Another thing I’d liked to have implemented better is the effort variable. While it’s inclusion was largely successful, there are two aspects that could be improved. One is obvious, I would have loved to use the effort variable on all four models. Unfortunately the package I was using in R limited me to using it on only two. Being able to keep the analysis consistent would have really improved the interpretability of the results. The other issue is more involved and goes back to the decision to separate the datasets. I only discovered this late in the project, but the two datasets have different trends with respect to the effort of the observations. The herbarium points are on average further from roads and population centers and are therefore more effort, whereas the majority of iNaturalist points are located within 1-5km from a major road. Training the models on the higher effort herbarium points and then running it through the effort variable weighting scheme where the effect of low effort points were lessened introduced uncertainty in understanding the results when the accuracy was tested against the lower effort iNaturalist points. Essentially, the models that made use of the effort variable were having their accuracy scores penalized by this effect and could explain the large difference in accuracy scores between the models with and without the effort variable. This issue could have been resolved by combining the datasets together before running the models.

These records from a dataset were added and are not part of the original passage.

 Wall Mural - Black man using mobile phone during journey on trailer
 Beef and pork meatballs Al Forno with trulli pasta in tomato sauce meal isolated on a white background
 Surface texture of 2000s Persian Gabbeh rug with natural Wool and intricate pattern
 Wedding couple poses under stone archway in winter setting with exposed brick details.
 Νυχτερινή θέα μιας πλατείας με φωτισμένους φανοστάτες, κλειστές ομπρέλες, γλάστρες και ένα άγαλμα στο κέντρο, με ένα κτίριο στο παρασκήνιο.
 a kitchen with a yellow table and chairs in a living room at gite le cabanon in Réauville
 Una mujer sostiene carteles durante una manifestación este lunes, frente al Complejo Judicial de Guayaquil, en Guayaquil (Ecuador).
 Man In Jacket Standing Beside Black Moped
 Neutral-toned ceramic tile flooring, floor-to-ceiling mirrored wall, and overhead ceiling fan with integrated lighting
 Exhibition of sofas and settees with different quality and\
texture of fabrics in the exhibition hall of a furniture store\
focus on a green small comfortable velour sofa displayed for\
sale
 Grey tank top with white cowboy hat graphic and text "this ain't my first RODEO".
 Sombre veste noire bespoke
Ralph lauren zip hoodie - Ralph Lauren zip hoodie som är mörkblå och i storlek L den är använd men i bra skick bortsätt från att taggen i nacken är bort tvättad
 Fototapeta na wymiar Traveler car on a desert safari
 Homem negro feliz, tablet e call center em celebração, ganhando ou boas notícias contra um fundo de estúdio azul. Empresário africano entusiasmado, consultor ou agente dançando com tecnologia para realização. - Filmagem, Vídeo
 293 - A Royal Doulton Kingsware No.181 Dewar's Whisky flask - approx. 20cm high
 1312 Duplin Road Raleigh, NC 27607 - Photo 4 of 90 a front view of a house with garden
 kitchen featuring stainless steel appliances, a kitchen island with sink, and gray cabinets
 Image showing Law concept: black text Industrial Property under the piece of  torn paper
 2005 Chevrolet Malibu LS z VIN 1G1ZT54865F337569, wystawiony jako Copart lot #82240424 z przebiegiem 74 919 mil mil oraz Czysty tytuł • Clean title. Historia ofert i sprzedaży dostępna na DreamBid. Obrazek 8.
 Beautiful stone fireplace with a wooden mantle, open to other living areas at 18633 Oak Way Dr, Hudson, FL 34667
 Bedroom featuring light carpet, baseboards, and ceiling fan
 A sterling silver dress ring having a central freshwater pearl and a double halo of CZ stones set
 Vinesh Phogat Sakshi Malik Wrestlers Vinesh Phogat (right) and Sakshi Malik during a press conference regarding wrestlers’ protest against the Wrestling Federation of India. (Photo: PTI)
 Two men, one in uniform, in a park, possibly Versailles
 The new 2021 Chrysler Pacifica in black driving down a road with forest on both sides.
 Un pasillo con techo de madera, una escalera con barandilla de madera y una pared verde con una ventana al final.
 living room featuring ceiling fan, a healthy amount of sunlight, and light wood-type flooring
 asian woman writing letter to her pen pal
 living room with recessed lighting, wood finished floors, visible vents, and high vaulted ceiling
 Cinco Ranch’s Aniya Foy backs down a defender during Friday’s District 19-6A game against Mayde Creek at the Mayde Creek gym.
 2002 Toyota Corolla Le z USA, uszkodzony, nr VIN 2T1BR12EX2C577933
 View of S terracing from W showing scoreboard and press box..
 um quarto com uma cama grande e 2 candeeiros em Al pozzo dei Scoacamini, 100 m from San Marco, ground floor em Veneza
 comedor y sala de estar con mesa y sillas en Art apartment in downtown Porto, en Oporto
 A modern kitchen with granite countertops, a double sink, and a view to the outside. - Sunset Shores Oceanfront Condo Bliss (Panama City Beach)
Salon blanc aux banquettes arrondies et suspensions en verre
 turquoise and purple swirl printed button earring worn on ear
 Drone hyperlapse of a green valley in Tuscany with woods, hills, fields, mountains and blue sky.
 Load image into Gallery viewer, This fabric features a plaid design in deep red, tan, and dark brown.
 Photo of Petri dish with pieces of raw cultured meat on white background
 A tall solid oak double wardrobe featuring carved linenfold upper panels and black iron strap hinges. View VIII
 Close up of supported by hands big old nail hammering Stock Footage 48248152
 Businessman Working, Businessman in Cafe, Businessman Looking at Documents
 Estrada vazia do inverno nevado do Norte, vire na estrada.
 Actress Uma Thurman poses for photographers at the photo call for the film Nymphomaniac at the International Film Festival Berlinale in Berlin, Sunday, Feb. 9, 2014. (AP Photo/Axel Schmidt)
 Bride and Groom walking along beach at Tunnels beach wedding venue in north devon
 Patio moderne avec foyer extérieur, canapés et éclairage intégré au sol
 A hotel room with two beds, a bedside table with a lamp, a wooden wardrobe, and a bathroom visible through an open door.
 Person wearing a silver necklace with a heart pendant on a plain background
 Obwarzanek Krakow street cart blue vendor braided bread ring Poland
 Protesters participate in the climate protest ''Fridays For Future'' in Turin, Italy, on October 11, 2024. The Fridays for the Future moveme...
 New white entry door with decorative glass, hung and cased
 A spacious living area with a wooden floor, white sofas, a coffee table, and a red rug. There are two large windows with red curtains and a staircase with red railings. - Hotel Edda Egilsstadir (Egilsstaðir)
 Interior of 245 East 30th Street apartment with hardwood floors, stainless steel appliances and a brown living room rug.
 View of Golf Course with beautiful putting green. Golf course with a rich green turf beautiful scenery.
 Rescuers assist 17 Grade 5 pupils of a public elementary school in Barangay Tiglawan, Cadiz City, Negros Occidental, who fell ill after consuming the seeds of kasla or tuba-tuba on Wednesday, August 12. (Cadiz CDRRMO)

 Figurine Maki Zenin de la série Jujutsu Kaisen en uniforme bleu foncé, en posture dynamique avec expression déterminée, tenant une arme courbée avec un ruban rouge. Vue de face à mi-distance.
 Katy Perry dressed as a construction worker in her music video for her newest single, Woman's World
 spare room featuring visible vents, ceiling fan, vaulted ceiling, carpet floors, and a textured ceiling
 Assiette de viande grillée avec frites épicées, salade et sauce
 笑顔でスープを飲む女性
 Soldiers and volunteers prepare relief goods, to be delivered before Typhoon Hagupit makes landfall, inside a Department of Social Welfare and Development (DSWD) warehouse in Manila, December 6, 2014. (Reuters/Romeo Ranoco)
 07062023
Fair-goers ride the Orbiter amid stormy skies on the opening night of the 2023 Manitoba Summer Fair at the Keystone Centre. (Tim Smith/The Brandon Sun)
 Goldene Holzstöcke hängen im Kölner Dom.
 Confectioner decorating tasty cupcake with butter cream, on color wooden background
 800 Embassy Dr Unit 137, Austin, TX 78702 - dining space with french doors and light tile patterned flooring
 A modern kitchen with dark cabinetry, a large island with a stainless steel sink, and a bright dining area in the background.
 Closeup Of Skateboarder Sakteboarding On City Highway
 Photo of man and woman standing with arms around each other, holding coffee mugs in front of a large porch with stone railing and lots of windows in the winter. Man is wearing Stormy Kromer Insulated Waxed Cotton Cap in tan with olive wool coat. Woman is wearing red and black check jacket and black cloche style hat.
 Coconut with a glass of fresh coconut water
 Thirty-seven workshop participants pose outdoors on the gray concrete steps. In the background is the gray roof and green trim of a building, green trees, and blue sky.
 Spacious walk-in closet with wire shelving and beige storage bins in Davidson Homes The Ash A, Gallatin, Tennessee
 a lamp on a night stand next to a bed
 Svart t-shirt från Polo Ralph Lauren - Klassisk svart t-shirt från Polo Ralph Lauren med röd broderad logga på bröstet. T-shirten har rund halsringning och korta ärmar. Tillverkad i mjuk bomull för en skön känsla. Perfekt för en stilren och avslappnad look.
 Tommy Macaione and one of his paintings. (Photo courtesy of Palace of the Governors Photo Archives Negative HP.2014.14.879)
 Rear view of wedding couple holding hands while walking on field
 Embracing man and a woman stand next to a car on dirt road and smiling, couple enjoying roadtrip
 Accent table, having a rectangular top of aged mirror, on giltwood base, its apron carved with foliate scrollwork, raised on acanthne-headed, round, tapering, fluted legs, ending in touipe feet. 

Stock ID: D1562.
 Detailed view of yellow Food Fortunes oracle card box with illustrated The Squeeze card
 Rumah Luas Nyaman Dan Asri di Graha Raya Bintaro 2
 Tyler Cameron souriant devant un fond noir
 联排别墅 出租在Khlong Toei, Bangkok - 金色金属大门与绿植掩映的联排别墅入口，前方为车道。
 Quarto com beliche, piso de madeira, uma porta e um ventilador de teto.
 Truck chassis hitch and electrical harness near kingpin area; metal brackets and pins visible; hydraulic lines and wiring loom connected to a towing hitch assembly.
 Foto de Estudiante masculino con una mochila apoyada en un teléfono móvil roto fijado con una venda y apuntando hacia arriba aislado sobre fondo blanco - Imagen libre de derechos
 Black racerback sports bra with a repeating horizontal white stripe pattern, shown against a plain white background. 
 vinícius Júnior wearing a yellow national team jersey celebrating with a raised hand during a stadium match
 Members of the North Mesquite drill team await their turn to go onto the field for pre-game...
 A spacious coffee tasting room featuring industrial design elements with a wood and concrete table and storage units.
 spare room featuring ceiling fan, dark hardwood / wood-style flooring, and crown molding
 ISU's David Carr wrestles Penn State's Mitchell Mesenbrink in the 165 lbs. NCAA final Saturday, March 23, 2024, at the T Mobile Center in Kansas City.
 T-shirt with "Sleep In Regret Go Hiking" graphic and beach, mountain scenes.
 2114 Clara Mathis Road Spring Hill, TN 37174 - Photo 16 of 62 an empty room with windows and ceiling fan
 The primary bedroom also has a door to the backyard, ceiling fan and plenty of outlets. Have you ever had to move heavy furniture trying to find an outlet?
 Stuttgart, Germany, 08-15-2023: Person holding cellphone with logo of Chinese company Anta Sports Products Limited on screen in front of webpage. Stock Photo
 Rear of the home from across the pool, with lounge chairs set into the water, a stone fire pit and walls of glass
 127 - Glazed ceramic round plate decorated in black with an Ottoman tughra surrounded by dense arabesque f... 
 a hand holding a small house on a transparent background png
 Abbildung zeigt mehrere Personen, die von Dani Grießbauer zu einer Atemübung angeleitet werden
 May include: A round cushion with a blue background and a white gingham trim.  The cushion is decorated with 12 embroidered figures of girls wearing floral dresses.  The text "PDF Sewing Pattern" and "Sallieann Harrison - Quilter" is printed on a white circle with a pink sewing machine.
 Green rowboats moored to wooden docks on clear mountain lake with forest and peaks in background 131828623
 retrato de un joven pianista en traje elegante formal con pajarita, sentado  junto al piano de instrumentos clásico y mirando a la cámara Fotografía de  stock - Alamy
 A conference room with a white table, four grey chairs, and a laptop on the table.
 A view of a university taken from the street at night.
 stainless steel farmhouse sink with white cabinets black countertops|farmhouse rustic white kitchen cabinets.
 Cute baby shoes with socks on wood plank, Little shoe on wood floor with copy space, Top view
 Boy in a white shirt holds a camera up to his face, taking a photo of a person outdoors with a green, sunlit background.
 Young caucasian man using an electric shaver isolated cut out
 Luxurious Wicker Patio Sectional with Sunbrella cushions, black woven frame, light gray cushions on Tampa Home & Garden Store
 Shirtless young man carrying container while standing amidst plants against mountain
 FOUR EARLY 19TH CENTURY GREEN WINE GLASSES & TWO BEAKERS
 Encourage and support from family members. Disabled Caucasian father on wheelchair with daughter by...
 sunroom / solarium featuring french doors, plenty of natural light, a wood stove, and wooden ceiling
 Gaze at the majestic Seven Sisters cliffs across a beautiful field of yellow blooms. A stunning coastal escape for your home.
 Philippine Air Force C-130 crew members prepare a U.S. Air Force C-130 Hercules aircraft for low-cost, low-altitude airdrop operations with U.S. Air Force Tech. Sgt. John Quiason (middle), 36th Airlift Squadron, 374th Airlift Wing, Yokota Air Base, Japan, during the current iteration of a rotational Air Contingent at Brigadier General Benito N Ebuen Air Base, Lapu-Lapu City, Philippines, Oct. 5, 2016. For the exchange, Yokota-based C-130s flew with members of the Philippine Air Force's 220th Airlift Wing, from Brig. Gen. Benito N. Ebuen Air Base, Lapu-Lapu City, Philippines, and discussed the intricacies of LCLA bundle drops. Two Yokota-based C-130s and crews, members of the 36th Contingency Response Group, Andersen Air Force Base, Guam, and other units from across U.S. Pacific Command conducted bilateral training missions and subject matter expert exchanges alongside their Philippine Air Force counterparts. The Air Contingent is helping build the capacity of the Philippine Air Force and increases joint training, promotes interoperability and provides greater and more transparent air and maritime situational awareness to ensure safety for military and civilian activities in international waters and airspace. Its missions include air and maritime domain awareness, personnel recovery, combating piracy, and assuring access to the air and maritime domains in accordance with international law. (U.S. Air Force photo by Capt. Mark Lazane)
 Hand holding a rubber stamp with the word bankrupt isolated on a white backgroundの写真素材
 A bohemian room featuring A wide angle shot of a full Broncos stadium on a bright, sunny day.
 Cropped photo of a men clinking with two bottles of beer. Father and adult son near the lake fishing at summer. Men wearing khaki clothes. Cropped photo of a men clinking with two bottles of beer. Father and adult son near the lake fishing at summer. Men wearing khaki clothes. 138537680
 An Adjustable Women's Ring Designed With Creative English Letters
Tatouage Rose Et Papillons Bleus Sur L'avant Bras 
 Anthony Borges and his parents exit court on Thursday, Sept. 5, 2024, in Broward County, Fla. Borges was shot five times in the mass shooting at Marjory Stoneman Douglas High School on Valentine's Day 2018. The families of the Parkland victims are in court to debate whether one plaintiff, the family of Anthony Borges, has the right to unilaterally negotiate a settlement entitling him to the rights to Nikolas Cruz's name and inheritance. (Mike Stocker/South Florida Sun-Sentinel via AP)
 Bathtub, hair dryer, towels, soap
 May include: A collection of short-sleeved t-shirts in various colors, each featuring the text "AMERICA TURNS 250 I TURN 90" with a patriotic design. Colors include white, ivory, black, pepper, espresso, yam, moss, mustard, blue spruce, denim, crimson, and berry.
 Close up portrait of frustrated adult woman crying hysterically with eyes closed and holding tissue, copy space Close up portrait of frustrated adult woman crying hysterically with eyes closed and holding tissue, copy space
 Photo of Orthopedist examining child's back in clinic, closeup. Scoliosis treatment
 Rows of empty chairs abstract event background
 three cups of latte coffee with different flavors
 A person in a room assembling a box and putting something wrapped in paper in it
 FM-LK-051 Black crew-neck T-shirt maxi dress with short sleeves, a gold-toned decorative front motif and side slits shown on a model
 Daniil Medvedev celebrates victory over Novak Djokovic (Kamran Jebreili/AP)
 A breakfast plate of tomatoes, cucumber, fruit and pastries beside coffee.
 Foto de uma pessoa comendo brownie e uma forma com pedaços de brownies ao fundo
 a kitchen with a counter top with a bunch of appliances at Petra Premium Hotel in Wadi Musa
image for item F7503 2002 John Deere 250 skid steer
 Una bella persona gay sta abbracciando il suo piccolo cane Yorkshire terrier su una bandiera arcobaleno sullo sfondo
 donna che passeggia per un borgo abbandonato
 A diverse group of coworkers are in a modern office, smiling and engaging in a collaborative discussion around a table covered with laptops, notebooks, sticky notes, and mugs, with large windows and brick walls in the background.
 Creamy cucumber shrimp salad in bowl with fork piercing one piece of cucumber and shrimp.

Despite these shortcomings the project serves as a good starting point for a low cost distribution analysis of this type and it also leads to some interesting questions. For example what are the direct applications of the distribution analysis done on the Cantharellus formosus? Well as noted in the intro, the Pacific Golden Chanterelle is a very valuable economic resource for the region, and because the species can’t be cultivated every year there are mushroom hunter that go out and find it. Understanding the distributions of the species can then give an idea of where to expect these mushroom hunters. Knowing this ahead of time could impact policy decisions like creating more trails in the area to deter people from going off trail or by having rangers there to stop overharvesting.
Understanding the current distributions can also help with protecting the species from human caused environmental issues like climate change or deforestation. The current distribution maps could be used to identify large habitat zones and prevent overexploitation. By running a similar distribution analysis, but projecting the results in onto expected conditions with climate change predictions we get an idea of how the distribution may change in the future under these climate change predictions. Under current climate change scenarios the Pacific Northwest is expected to get warmer and drier with more persistent wildfires and understanding how this may impact the species in the area is key towards protecting this important natural resource.